Re: Why is a hash join preferred when it does not fit in work_mem

David Rowley <dgrowleyml@xxxxxxxxx> · Fri, 13 Jan 2023 14:38:26 +1300

On Fri, 13 Jan 2023 at 07:33, Dimitrios Apostolou <jimis@xxxxxxx> wrote:
>
> I have a very simple NATURAL JOIN that does not fit in the work_mem.  Why
> does the query planner prefer a hash join that needs 361s, while with a
> sort operation and a merge join it takes only 13s?

It's a simple matter of that the Hash Join plan appears cheaper based
on the costs that the planner has calculated.

A better question to ask would be, where are the costs inaccurate? and why.

One thing I noticed in your EXPLAIN ANALYZE output is that the Index
Scan to workitems_ids costed more expensively than the Seq scan, yet
was faster.

> ->  Seq Scan on public.workitem_ids  (cost=0.00..59780.19 rows=1373719 width=237) (actual time=0.026..1912.312 rows=1373737 loops=1)

> ->  Index Scan using workitem_ids_pkey on public.workitem_ids (cost=0.43..81815.86 rows=1373719 width=237) (actual time=0.111..1218.363 rows=1373737 loops=1)

Perhaps the Seq scan is doing more actual I/O than the index scan is.

> The low work_mem and the disabled memoization are set on purpose, in order
> to simplify a complex query, while reproducing the same problem that I
> experienced there. This result is the simplest query I could get, where
> the optimizer does not go for a faster merge join.
>
> From my point of view a merge join is clearly faster, because the hash
> table does not fit in memory and I expect a hash join to do a lot of
> random I/O. But the query planner does not see that, and increasing
> random_page_cost does not help either. In fact the opposite happens: the
> merge join gets a higher cost difference to the hash join, as I increase
> the random page cost!

I'd expect reducing random_page_cost to make the Mege Join cheaper as
that's where the Index Scan is. I'm not quite sure where you think the
random I/O is coming from in a batched hash join.

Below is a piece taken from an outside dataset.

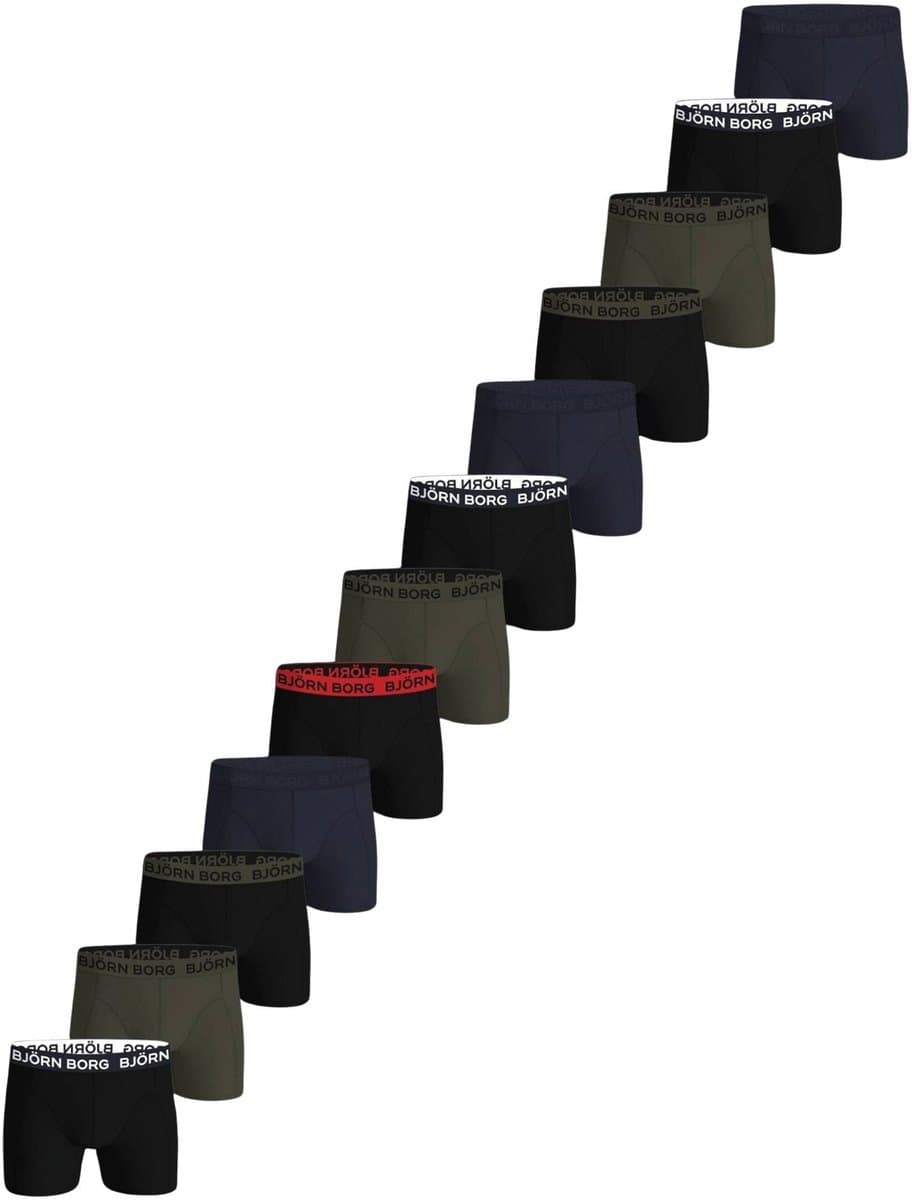 Bjorn Borg 12-pack heren boxershort-Cotton Stretch - Combi - L (EAN: 7321465787606): ✨ Wat de community erover zegt  > *“Ik heb er amazing things over gehoord, maar ik wil je eigen mening ook echt horen!”*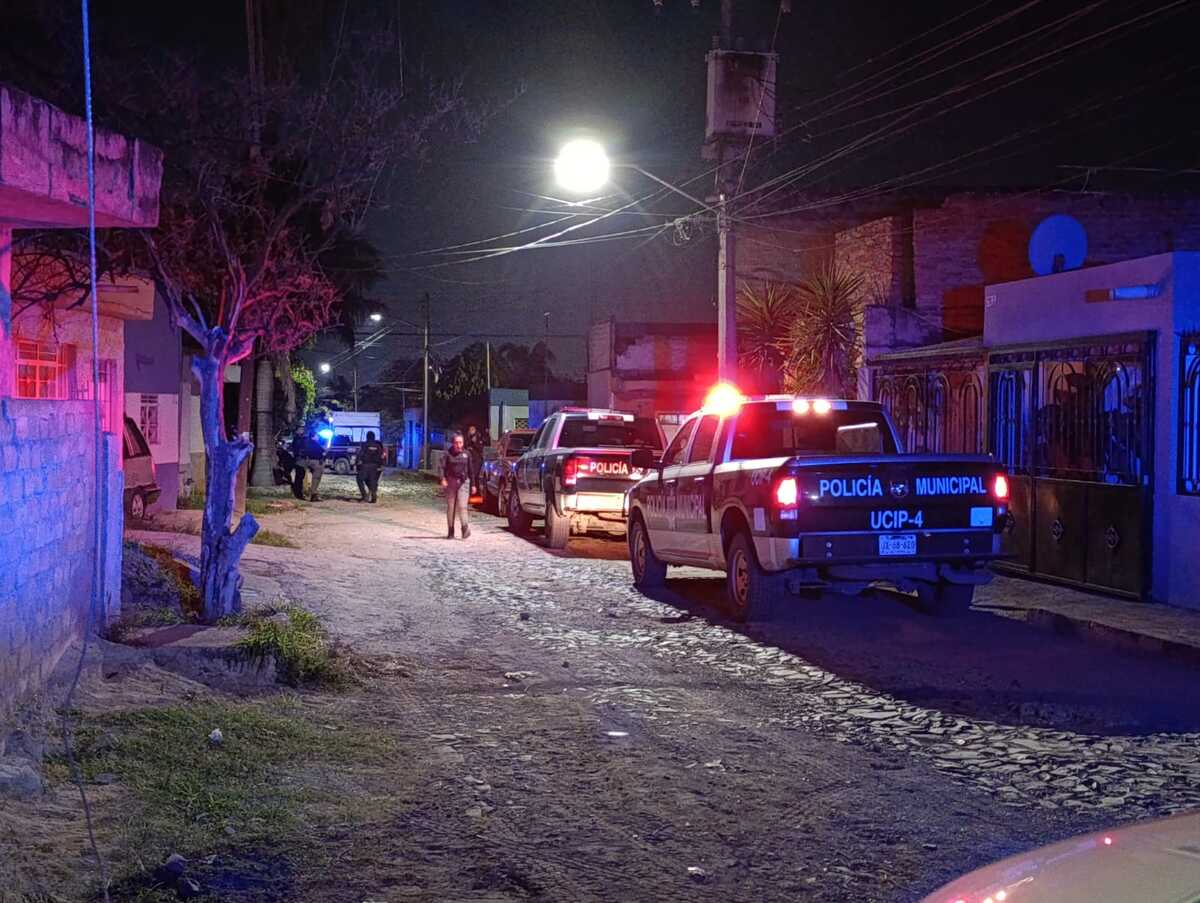 Los hechos ocurrieron en la colonia Lomas del Cuatro. (Vicente Torres)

It would be interesting to see the same plans with SET track_io_timing
= on; set.  It's possible that there's less *actual* I/O going on with
the Merge Join plan vs the Hash Join plan.  Since we do buffered I/O,
without track_io_timing, we don't know if the read buffers resulted in
an actual disk read or a read from the kernel buffers.

David